Mark Kilgard said...

Zack,

Thanks for evaluating NV_path_rendering.

I want to encourage you to re-evaluate the latest NV_path_rendering because the latest Release 300 drivers (301.42 is a WHQL driver now) have remarkable NV_path_rendering performance improvements.

I built your qt_svg example on a system with a GeForce GTX 460. I measured your qt_svg example spnning the tiger at 184 to 160 fps.

With a 295.51 drivers (prior to the NV_path_rendering tuning in Release 300), I measured 190 fps running nvpr_svg at the same resolution as your qt_svg example.

By just upgrading to the 301.42 driver, the same nvpr_svg configuration runs at 460 to 430 fps.

If I run at 4 samples/pixel as qt_svg does, the performance is over 720 fps.

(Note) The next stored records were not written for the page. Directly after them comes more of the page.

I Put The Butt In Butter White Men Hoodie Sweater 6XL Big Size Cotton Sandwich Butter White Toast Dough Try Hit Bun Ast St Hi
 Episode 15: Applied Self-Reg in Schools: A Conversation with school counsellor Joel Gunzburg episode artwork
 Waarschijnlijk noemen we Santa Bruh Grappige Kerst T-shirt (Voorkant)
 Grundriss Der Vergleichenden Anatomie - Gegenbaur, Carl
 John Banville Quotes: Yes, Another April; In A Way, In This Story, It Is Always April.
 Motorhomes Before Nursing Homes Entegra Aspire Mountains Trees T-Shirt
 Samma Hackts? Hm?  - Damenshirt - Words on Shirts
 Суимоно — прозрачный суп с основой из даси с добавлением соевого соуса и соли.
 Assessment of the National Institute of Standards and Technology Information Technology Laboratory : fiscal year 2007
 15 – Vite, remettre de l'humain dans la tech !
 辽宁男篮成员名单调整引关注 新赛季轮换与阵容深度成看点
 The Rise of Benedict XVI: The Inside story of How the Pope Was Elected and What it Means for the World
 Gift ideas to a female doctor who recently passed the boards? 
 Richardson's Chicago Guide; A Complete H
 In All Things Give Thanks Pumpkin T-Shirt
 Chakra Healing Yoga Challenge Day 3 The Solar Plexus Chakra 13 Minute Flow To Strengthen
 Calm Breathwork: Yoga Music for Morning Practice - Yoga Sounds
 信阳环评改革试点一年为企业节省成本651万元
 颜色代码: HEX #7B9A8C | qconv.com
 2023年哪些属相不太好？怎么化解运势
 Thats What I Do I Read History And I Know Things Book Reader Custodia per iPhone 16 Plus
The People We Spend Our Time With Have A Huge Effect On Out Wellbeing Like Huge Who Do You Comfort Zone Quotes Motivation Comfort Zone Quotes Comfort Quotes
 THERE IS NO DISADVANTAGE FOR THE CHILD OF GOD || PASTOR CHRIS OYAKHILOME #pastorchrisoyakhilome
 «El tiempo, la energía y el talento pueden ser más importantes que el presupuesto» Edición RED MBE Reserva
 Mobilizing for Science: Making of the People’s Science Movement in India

A faster GPU can run even faster.

Give NV_path_rendering another spin with a Release 300 driver. I think you'll like the new results.

- Mark Kilgard, NVIDIA

Anonymous said...

I am curious as to how complex is " too complex" for these approaches. I am playing with nv_path_rendering (total newbie) with an svg file with lots of complexity (probably around 20M vertices) and may be running into limits of my gpu hardware.